New Zealand Law Society - LCRO upholds no further action decision

LCRO upholds no further action decision

Published on 9 November 2018

[Names used in this article are fictitious]

The Legal Complaints Review Officer has upheld a lawyers standards committee decision to take no further action on a complaint.

The lawyer, Gargery, acted for Mr Woodcourt on a relationship property matter.

Mr and Mrs Woodcourt were married in 1963. They separated in the mid-1970s and their marriage was dissolved in 1986. When they separated, Mr and Mrs Woodcourt jointly owned a residential property. They agreed at that time that Mrs Woodcourt, who had custody of their three young children, would have occupancy of the property.

When Mr Woodcourt first met Gargery, he informed him that Mrs Woodcourt had repaid the loan secured over the property. He said he wanted to transfer the property to Mrs Woodcourt, while also protecting the interests of their three children.

Gargery spoke with Mrs Woodcourt’s lawyer, who explained Mrs Woodcourt’s position, which reflected Mr Woodcourt’s instructions.
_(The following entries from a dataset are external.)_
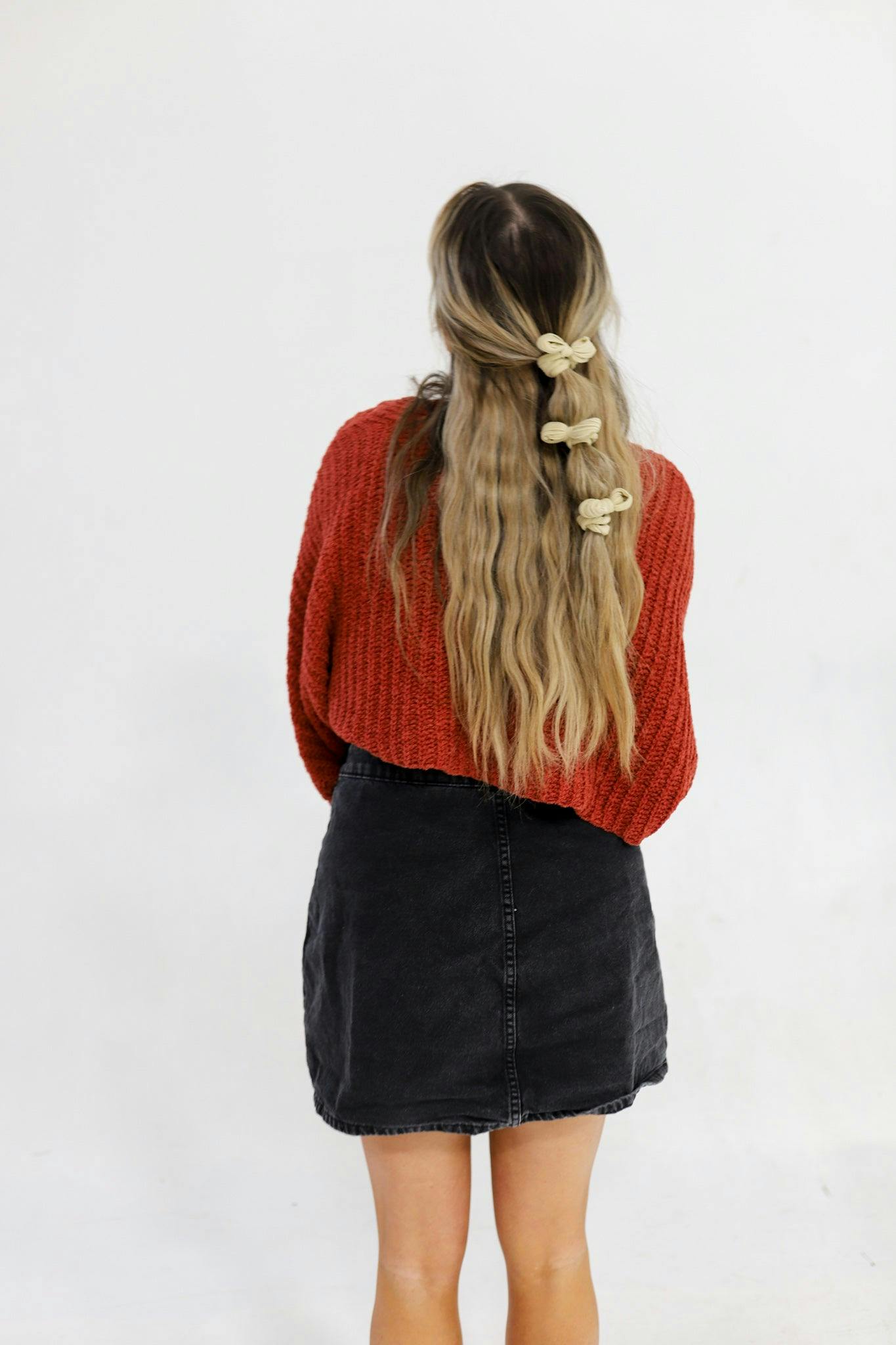 BOW SLICK BACK PONYTAILS (PACK OF 3)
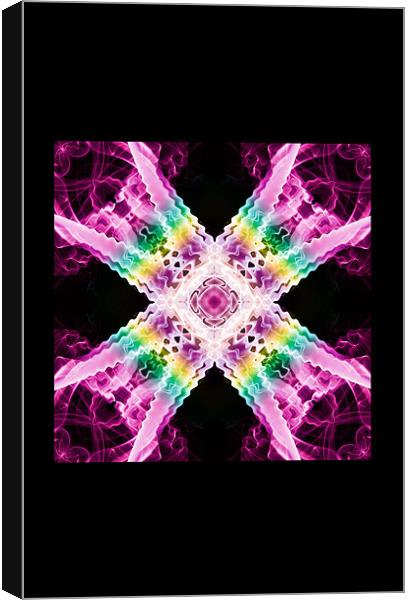 X Factored 7 Canvas Print by Steve Purnell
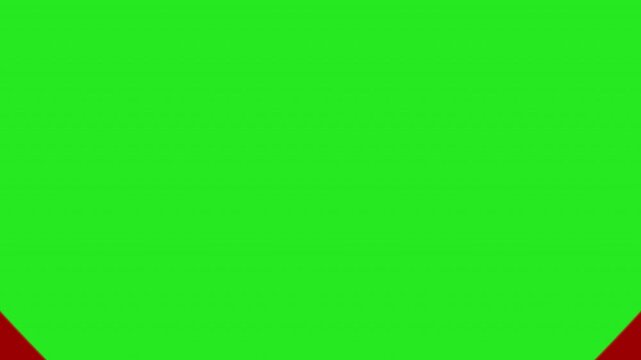 Heart love shape loop transition on green screen. 4k video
Some days later, Mrs Woodcourt’s lawyer provided Gargery with a draft relationship property agreement (RPA).

Meeting with client and daughter

Accompanied by his daughter, Mr Woodcourt had a meeting with Gargery, who left the meeting for five minutes or so to collect the RPA from Mrs Woodcourt’s lawyer.

After Gargery returned to the meeting, Mr Woodcourt’s daughter told Gargery that Mr Woodcourt would not sign the RPA until he had read and understood it.

Mr Woodcourt said he asked Gargery to explain the RPA to him, and that Gargery asked him to take the RPA away to read and to let Gargery know if he had any questions or - if he was happy with the RPA - to return it to Mrs Woodcourt’s lawyer’s office.

In response to a question from Mr Woodcourt’s daughter as to why it was necessary for Mr Woodcourt to take the RPA back to Mrs Woodcourt’s lawyer, and whether Gargery was “colluding” with Mrs Woodcourt’s lawyer, Mr Woodcourt said that Gargery ended the meeting.

Gargery said he considered Mr Woodcourt’s daughter “had her own agenda and contradicted [Mr Woodcourt’s] previous statements to [Gargery]” and had “adopted an adversarial attitude”. By accusing him of collusion, she had “impugned his professional integrity”. Gargery also said he was concerned that Mr Woodcourt was being “unduly influenced” by his daughter. For these reasons, Gargery said he could no longer accept instructions.

Complaint lodged

The daughter, on behalf of Mr Woodcourt, lodged a complaint with the Lawyers Complaints Service.

Among the issues raised in the complaint were allegations that Gargery had failed to provide Mr Woodcourt a letter of engagement along with procedures for handling complaints; failed to explain the RPA to Mr Woodcourt; and did not treat Mr Woodcourt fairly and respectfully.

The standards committee considering the complaint determined that no further action was necessary or appropriate.

The committee said it concluded from Gargery’s file notes that he gave Mr Woodcourt “appropriate advice”. There was nothing inappropriate in the meeting between Gargery and Mrs Woodcourt’s lawyer. Although Gargery’s manner when dealing with Mr Woodcourt and his daughter may have been abrupt “that of itself does not amount to unsatisfactory conduct”.

LCRO decision

The work Gargery carried out before the meeting appeared to be of a “preliminary nature”, the LCRO said in LCRO 152/2017.

In circumstances such as these, where the retainer ended prematurely, it was open to argument that the requirement to provide Mr Woodcourt client care and service information had not yet arrived because Gargery had not carried out any work of a “significant” nature.

Although Gargery ought to have provided his letter of engagement to Mr Woodcourt earlier, “by a close margin, I do not consider that [Gargery]’s conduct warrants a disciplinary response,” the LCRO said.

“In my assessment of what appears to be trying circumstances for the parties at the meeting, it seems unlikely that the opportunity arose for [Gargery] to take [Mr Woodcourt] through the RPA and explain it to him then.”

That was consistent with both parties’ accounts that Gargery suggested that Mr Woodcourt take the RPA away to read and let Gargery know if he had any questions.

“It is my view that no issues of a disciplinary nature arise for [Gargery] on this aspect of Mr [Woodcourt]’s complaint,” the LCRO said.

In terms of the complaint that Gargery had not treated Mr Woodcourt fairly or respectfully, the LCRO said it was not possible for a decision-maker to prefer one version over another where the parties provided differing accounts as to what was said or not said.